It’s not every day people raise money for a fine levied against an attorney they have never met. But that’s exactly what some members of a Facebook group operated by Jeff Gold did for him after Nassau County officials threatened to fine him for an error on his law firm’s website.

While not representing individuals and small business clients out of his Bellmore office, Gold helps thousands of homeowners file assessment challenges through a Facebook group he operates, “Nassau — Grieve Your Tax Assessment on Your Own — Free.”

The fine notice was sent to him within a month after he criticized County Executive Edward Mangano’s property tax assessment system overhaul, which was detailed in Newsday’s “Separate & Unequal” investigation.

Gold was notified in February by the county’s Office of Consumer Affairs that his website violated the county’s deceptive and unfair trade practices laws by stating Gold still was on the county’s Assessment Review Commission. The panel renders decisions on assessment challenges.

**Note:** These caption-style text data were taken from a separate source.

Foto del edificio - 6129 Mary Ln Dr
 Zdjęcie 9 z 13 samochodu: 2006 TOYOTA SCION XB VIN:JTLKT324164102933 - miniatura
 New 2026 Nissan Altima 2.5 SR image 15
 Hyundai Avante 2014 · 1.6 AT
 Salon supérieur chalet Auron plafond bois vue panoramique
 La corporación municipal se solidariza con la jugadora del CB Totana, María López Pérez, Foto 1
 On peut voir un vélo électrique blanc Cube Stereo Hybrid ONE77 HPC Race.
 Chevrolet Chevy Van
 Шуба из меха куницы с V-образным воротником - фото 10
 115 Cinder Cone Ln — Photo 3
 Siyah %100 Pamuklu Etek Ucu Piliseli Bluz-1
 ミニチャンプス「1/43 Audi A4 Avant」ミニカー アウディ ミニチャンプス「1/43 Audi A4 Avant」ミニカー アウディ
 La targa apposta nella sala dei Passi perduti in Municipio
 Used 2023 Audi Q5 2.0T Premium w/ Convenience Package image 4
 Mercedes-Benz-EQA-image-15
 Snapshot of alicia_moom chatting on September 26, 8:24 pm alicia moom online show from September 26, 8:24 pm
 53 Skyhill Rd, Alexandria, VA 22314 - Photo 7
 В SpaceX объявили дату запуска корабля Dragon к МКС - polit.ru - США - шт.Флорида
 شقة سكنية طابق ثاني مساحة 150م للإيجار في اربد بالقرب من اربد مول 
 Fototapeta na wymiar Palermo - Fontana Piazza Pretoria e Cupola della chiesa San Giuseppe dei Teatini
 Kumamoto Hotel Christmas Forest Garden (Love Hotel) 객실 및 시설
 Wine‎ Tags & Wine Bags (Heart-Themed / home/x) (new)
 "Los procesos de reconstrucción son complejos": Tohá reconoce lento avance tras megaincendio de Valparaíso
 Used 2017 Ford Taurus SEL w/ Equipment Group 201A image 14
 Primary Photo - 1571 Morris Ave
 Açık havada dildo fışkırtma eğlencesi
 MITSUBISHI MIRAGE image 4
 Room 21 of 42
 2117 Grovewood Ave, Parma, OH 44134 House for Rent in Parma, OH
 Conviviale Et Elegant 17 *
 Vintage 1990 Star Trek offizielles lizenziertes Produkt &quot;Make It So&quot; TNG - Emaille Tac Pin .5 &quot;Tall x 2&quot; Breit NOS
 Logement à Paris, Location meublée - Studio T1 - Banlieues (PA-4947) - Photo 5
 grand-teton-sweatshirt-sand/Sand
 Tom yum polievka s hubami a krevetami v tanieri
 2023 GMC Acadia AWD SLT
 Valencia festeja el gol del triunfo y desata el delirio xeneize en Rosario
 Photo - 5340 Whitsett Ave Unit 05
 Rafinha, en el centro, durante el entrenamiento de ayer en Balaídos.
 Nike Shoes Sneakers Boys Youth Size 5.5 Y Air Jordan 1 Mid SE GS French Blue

Gold left the commission in 2008 but hadn’t updated the law firm’s website.

The letter Gold received said he would have to pay $2,500 within 10 days to settle the case or face a fine of up to $5,000.

But the county dismissed the case last week — saying its initial notice was only a “cease and desist” letter. By then, some of the 8,000 members of the Facebook group had raised the fine money for Gold without him asking for them to do so.

Malverne resident Daren Lubin, 36, said he visited Gold’s Facebook group a few months ago to research filing his first assessment challenge.

Lubin said that when he learned Gold was being fined from a post on the page, he felt like those who had saved money on their taxes due to Gold’s help would be willing to chip in. Lubin said he had never met or spoken with Gold . . .

“This guy is doing something for the community and helping the community and all the residents of Nassau County,” Lubin said. “So, I felt like paying it forward.”

The letter warning Gold of the fine arrived within a month of a News 12 Long Island broadcast in which Gold alleged that County Executive Edward Mangano was “incompetent” or “corrupt” when he overhauled the assessment system. Gold said the timing of the letter and the fact that county officials never asked him to change the site before fining him made him believe the fine was intended as retribution for the criticism.

“Within a half-hour of receiving the letter, my tech guy changed the webpage,” Gold said.

County Commissioner of Consumer Affairs Madalyn Farley suggested retribution had nothing to do with the fine. Farley said in an emailed statement that her office issues hundreds of violations each year and began its investigation into Gold after receiving a complaint.

“Although Mr. Gold is a self-proclaimed expert in the industry, I highly doubt the county executive even knows who he is,” Farley said.

Farley said the county dismissed the case after Gold produced documentation showing the website was no longer used for business practices and that it had been corrected.

Gold decided to give the money that was raised to several local charities, something supported by Lubin and others who donated.

“I feel like Santa Claus,” Gold said in a post to the group where he listed some of the donations. “Thanks to all who donated for giving me this opportunity.”